Cannabidiol (CBD) oil and other products containing CBD are being touted as a natural, organic remedy for a wide range of women’s health concerns. Sellers of these products make many claims: CBD has calming effects on sleep, mood, and anxiety; eases hot flashes and improves bone density by balancing hormonal changes of menopause; and has anti-inflammatory properties that clear skin, cure acne, and calm rosacea. It’s promoted for PMS symptoms like bloating and mood swings. And CBD-infused lubricants claim to boost arousal and enjoyment of sex. So, how much of this is true?
Does CBD have proven benefits?
So far, there’s not much evidence on the medical benefits of CBD, partly because laws on marijuana made it difficult to study. Until we learn more, it’s wise to keep in mind that few high-quality studies have been done.
• In 2018 the FDA approved a drug derived from CBD to treat rare forms of childhood epilepsy. This medication was shown in randomized clinical trials to reduce the frequency of seizures (see here and here).
• A few studies have found CBD may improve anxiety, but the studies were small and of poor quality (see here and here).
• Some laboratory research on human cells suggests CBD may have anti-inflammatory effects on oil-secreting glands in the skin.

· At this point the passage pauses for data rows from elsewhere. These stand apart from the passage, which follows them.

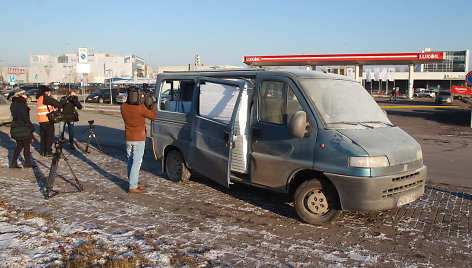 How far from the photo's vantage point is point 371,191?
5094 millimetres

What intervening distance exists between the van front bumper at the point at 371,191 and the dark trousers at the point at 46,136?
7.85m

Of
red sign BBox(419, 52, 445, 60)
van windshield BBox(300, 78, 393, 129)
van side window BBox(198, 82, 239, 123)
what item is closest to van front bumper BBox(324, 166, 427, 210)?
van windshield BBox(300, 78, 393, 129)

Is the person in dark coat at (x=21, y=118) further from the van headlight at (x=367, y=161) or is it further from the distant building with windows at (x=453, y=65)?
the distant building with windows at (x=453, y=65)

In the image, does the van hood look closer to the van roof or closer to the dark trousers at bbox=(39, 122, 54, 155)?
the van roof

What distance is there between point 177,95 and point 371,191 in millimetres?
4231

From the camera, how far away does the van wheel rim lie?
217 inches

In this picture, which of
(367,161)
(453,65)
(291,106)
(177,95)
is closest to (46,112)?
(177,95)

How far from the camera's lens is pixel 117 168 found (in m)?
9.30

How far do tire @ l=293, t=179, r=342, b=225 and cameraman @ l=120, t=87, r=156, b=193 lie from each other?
2.89 m

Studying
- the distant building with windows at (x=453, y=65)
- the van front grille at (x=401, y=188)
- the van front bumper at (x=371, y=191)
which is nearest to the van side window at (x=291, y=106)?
the van front bumper at (x=371, y=191)

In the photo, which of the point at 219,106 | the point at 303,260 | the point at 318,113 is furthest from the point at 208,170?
the point at 303,260

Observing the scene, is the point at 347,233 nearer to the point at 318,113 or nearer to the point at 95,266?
the point at 318,113

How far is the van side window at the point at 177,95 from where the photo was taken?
762 cm

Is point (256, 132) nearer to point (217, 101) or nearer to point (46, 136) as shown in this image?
point (217, 101)
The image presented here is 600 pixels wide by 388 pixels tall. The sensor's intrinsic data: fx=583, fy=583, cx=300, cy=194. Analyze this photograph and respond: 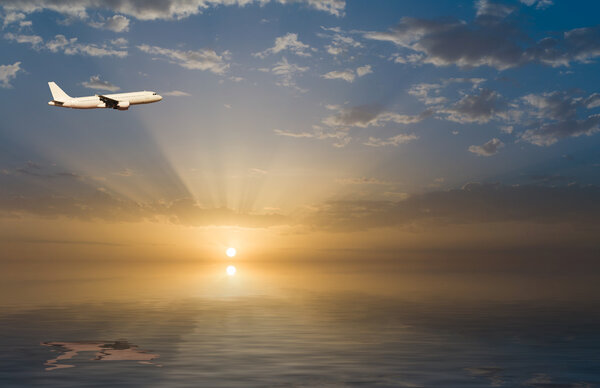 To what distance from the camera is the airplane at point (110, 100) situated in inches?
5369

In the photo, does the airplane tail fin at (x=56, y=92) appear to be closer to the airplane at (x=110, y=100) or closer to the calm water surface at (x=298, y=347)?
the airplane at (x=110, y=100)

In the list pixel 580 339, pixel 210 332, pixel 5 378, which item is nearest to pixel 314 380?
pixel 5 378

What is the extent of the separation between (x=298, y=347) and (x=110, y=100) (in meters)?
100

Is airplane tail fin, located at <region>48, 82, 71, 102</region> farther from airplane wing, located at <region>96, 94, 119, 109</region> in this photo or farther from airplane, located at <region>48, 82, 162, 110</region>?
airplane wing, located at <region>96, 94, 119, 109</region>

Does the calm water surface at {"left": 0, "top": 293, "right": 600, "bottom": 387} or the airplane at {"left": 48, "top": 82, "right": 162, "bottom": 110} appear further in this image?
the airplane at {"left": 48, "top": 82, "right": 162, "bottom": 110}

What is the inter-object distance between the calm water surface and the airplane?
60197 mm

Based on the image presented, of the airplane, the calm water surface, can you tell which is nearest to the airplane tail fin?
the airplane

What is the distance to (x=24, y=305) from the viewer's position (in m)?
102

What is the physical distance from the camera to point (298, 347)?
52.9m

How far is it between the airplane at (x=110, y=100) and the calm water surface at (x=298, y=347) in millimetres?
60197

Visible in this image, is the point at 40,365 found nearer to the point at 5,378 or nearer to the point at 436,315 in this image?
the point at 5,378

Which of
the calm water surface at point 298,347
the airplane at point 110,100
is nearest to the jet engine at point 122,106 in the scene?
the airplane at point 110,100

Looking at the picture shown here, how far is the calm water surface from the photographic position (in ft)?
128

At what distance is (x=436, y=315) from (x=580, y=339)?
1058 inches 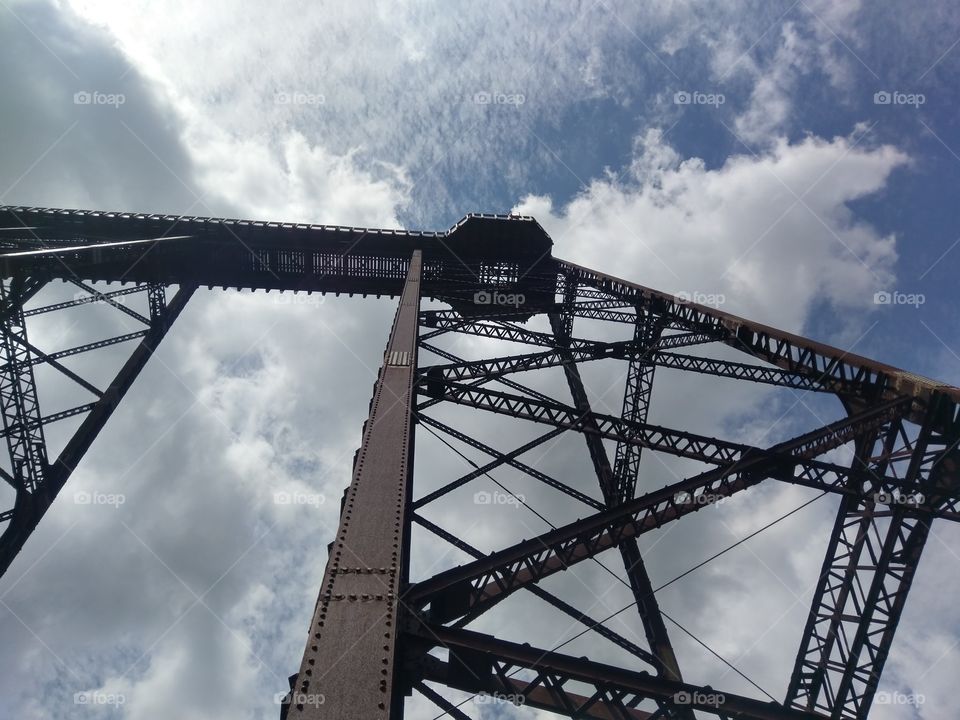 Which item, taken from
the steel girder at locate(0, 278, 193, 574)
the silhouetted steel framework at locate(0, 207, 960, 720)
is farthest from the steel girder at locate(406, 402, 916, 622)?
the steel girder at locate(0, 278, 193, 574)

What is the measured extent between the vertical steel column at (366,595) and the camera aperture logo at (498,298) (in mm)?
9414

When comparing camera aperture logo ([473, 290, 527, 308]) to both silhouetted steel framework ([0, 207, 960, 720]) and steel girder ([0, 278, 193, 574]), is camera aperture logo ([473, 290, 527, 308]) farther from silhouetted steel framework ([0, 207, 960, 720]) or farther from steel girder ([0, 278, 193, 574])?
steel girder ([0, 278, 193, 574])

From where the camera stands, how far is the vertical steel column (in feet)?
10.8

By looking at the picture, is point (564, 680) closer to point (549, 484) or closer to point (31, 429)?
point (549, 484)

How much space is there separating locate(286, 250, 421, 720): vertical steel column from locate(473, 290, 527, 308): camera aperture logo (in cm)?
941

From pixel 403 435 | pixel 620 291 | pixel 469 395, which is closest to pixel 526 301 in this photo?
pixel 620 291

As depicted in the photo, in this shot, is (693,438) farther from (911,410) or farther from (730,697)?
(730,697)

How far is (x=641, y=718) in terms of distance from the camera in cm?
502

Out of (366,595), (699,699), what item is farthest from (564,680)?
(366,595)

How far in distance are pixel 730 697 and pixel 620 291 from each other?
9.47m

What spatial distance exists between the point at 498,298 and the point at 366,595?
12.3 m

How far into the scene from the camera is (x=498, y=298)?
51.9 feet

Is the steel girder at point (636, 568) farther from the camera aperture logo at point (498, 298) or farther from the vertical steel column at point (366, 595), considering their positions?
the camera aperture logo at point (498, 298)

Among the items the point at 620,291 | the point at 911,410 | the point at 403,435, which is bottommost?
the point at 403,435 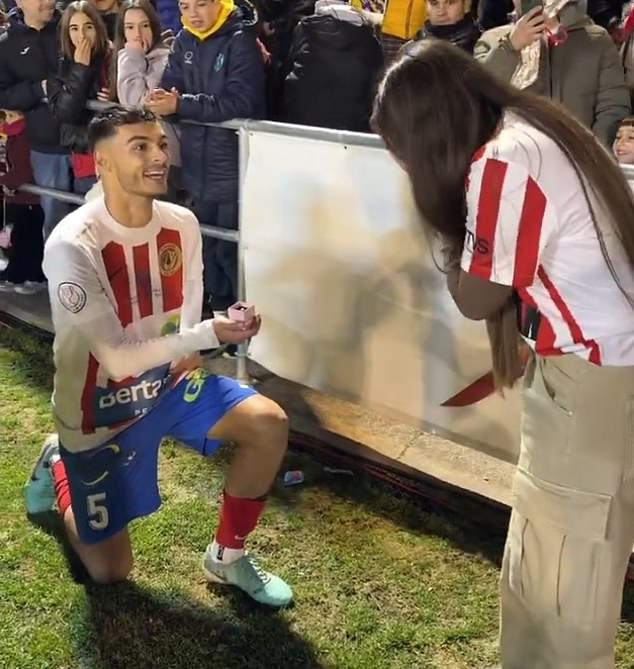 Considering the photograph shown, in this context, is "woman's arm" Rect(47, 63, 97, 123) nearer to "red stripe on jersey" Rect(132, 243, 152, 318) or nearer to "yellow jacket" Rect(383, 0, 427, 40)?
"yellow jacket" Rect(383, 0, 427, 40)

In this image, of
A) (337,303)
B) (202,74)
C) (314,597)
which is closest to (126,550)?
(314,597)

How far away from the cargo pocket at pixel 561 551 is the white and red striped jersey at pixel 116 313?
107cm

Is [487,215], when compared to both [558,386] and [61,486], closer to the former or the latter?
[558,386]

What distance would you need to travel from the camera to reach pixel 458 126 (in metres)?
1.84

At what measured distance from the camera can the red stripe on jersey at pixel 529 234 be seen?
1.77 meters

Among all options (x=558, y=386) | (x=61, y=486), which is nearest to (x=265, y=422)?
(x=61, y=486)

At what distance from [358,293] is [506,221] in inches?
63.6

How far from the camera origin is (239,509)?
9.28 ft

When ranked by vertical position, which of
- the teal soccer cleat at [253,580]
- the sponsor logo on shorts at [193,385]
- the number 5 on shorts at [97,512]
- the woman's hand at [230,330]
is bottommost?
the teal soccer cleat at [253,580]

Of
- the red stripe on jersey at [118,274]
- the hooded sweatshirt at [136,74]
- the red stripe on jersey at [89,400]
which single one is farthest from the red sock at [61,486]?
the hooded sweatshirt at [136,74]

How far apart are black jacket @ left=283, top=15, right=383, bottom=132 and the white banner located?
18.7 inches

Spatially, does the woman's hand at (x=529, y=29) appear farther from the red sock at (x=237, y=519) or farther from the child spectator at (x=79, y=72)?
the child spectator at (x=79, y=72)

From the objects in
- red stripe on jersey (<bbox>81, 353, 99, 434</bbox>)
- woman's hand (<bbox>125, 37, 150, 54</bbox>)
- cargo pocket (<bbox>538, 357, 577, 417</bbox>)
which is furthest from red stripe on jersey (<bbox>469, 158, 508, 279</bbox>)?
woman's hand (<bbox>125, 37, 150, 54</bbox>)

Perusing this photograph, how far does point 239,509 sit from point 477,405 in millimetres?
912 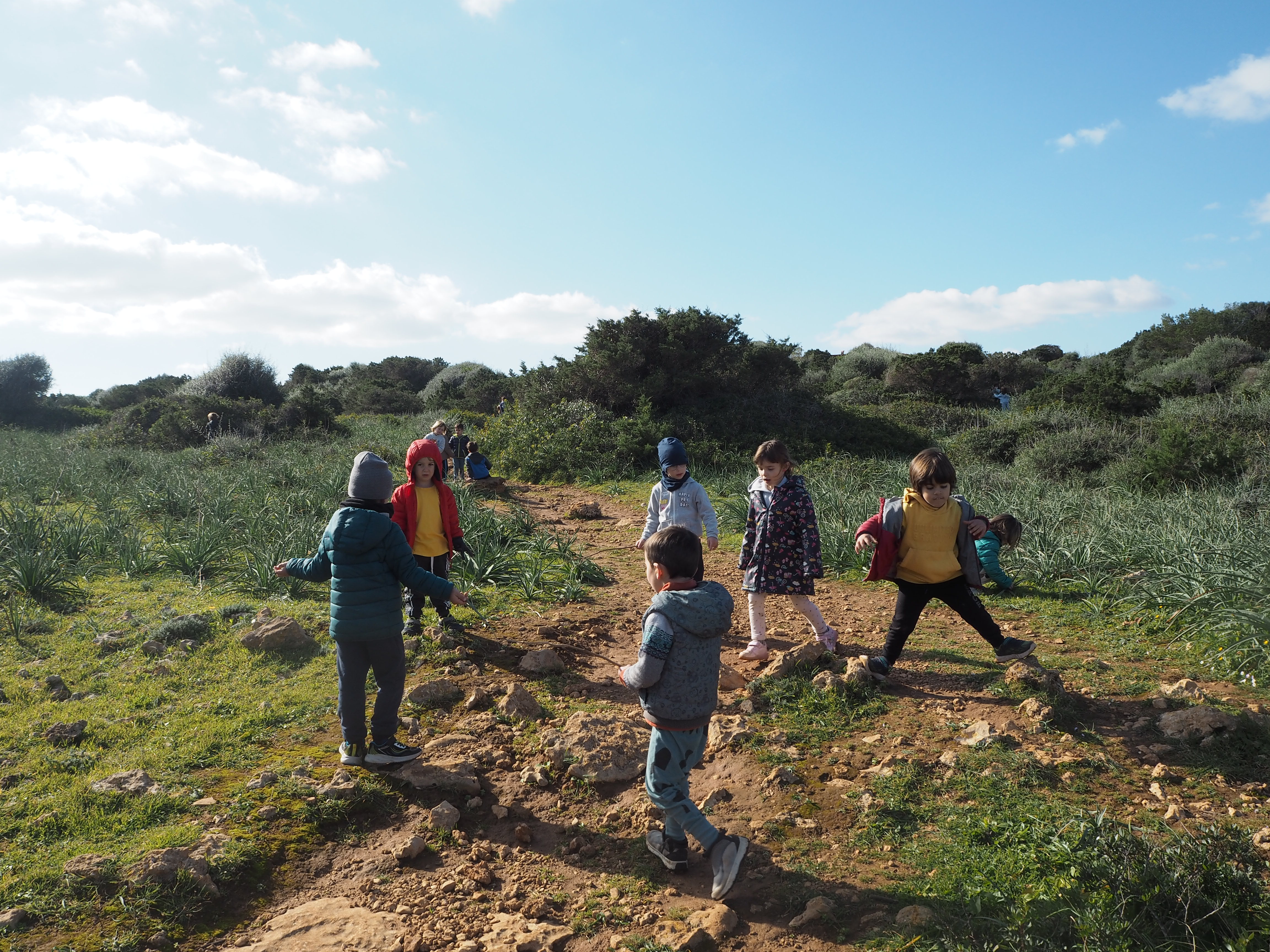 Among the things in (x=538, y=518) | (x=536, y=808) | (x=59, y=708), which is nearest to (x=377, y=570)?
(x=536, y=808)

This might have implications for acne and other inflammatory skin disorders, but further research is needed to confirm this. And while CBD in skin products is unlikely to harm you, most dermatologists agree that there are more effective and better-studied medications and treatments for acne and inflammatory skin disorders.
Are our CBD products safe?
The short answer is this: pure CBD seems to be safe for most people. However, we don’t have rigorous studies and long-term data to prove whether or not a wide range of CBD products are safe for everyone. For example, there is no evidence to suggest that CBD is safe during pregnancy or breastfeeding, or for people who are immunocompromised.
Because CBD products aren’t regulated by the FDA in the way that drugs are, there is a huge variation in quality and, quite possibly, safety. In 2017–2018, counterfeit CBD oil was found that contained synthetic cannabinoids and led to a poisoning outbreak in Utah.
There are a lot of extravagant product claims out there about the benefits of CBD for women, but little high-quality research supports them. CBD oil and other CBD products aren’t well regulated. It’s possible what you are buying is counterfeit or contaminated. Before using CBD — especially if you plan to vape or ingest it — first talk with your doctor or healthcare provider to learn whether it could be safe and helpful for you.